Drug Classification: Ovulation Inducers, Gonadotropins, and Adjuncts
Infertility drugs work at different levels of the HPO axis — from the central hypothalamus/pituitary (clomiphene, GnRH pump) to the ovary directly (gonadotropins) to peripheral tissues (letrozole, metformin).
Selective Oestrogen Receptor Modulators (SERMs) — Clomiphene Citrate: Acts as an anti-oestrogen at the hypothalamus and pituitary — blocks oestrogen negative feedback → hypothalamus increases GnRH pulse frequency → pituitary releases more FSH (and LH) → ovarian follicular recruitment and development → ovulation. Think of clomiphene as 'unblocking the brake' on FSH secretion. It does NOT directly stimulate the ovary — the ovary responds to the now-higher FSH. Dose: 50–150 mg/day orally days 3–7 of cycle. Anti-oestrogenic effects on the endometrium and cervical mucus (disadvantages vs letrozole): thinner endometrium (reduced implantation potential) and thicker, less favourable cervical mucus.
Aromatase Inhibitors — Letrozole: Inhibits aromatase enzyme in peripheral adipose tissue (and the ovary) → reduces oestrogen synthesis from androgen precursors → reduced oestrogen-mediated negative feedback on FSH → FSH rises → follicular recruitment. Key advantages over clomiphene for PCOS: (1) no anti-oestrogenic endometrial effect — endometrium is receptive; (2) shorter half-life → cleared before the implantation window; (3) PCOSACT trial (NEJM 2014): higher live birth rate (27.5% vs 19.1%) and fewer multiple gestations than clomiphene in PCOS. Dose: 2.5–5 mg days 3–7.
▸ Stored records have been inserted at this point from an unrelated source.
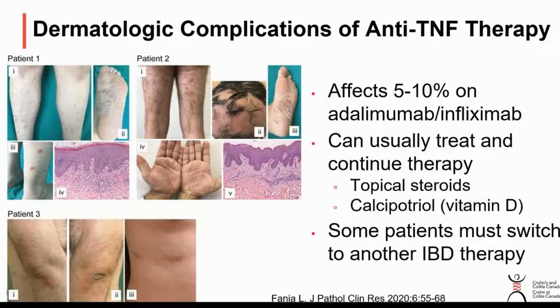There are other skin problems that can actually come from anti-TNF therapy — we're talking about things like Remicade, Humira, and Simponi. Interestingly, it's been recognized that about 5 to 10% of people on these therapies will develop rashes that look a little bit like eczema or psoriasis. That's really odd because we use these drugs to treat psoriasis, but there are people who've never had psoriasis before who start these medications and then develop little skin changes that look like psoriasis.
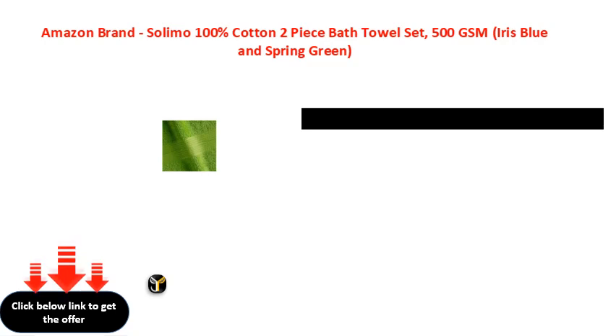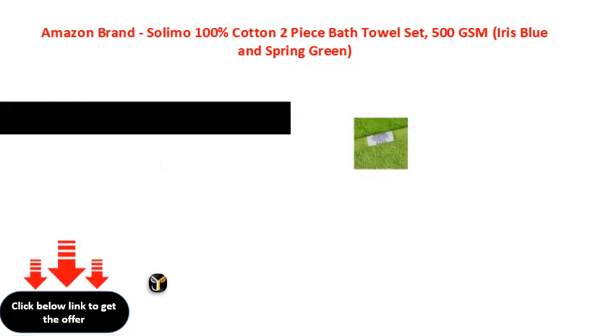I'm going to show you how to use the bath towel set.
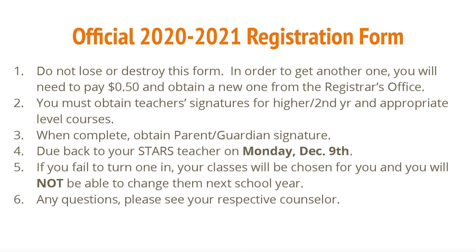Number four: this is due back to your STARS teacher on Monday, December 9th. Number five: if you fail to turn one in, your classes will be chosen for you and you will not be able to change them next school year. Number six: any questions, please see your respective counselor. Thank you.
Gonadotropins: Recombinant FSH (follitropin alpha/beta), recombinant LH, urinary-derived FSH (urofollitropin), and hCG (human chorionic gonadotropin — LH-like activity). Used when clomiphene/letrozole fail or for controlled ovarian stimulation in ART. hCG (5000–10,000 IU IM/SC) — triggers the LH surge equivalent to mature follicle release — given when dominant follicle ≥18 mm on ultrasound. OHSS risk — highest with gonadotropins.
Dopamine Agonists — Bromocriptine/Cabergoline: For hyperprolactinaemia-induced anovulation — reducing prolactin restores GnRH pulsatility → FSH/LH recover → ovulation resumes. Effective in 70–80% of patients. For most women with hyperprolactinaemia-related anovulation, bromocriptine/cabergoline alone restores fertility without additional ovulation inducers.
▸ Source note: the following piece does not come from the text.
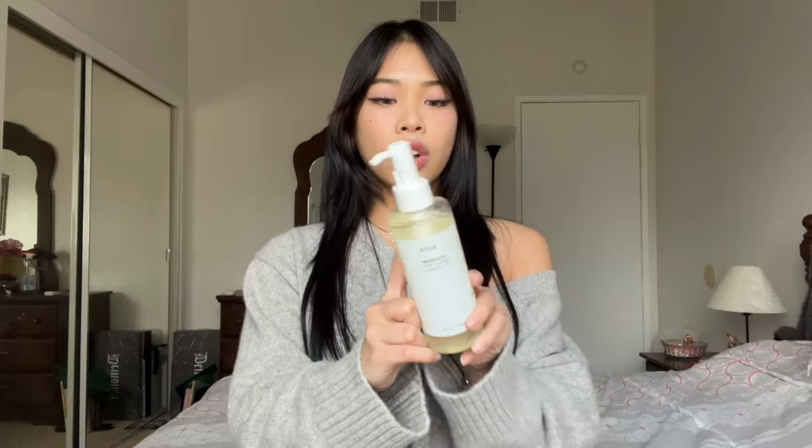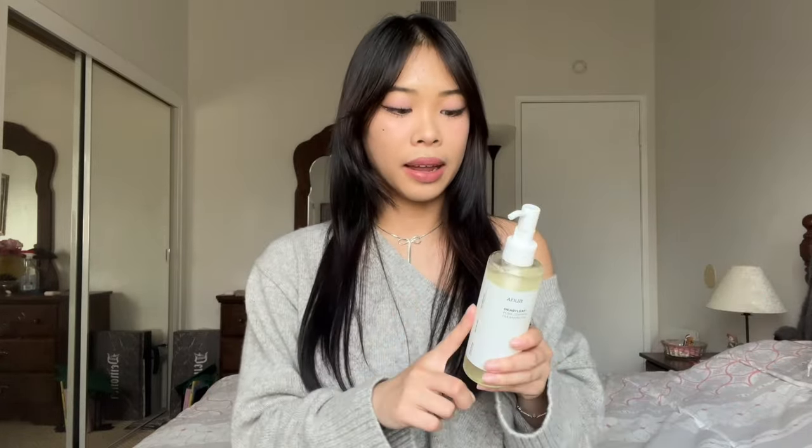The third giveaway item is the Heartleaf Pore Control Cleansing Oil. I'm excited to try this because I'm running out of my current cleansing oil and I've only ever tried one — a Japanese brand — so I'm excited to try a Korean brand. One thing I noticed is that it is scented when I tried it; it wasn't very strong but there's definitely a scent — kind of medicinal but not horrible. So if you're sensitive to scents, keep that in mind. I love cleansing oils because I use a lot of waterproof mascara and they're the best way to remove it.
Metformin: In PCOS — reduces insulin resistance → reduces LH-stimulated ovarian androgen production → reduces androgen excess → may restore menstrual regularity. As adjunct to letrozole/clomiphene in insulin-resistant PCOS — may improve response. Not an ovulation inducer per se — corrects the metabolic substrate.
Pulsatile GnRH (subcutaneous pump): For hypogonadotropic hypogonadism in women — pulsatile GnRH mimics physiological hypothalamic release → stimulates FSH/LH → follicular development. Risk of OHSS lower than gonadotropin protocols but technically demanding.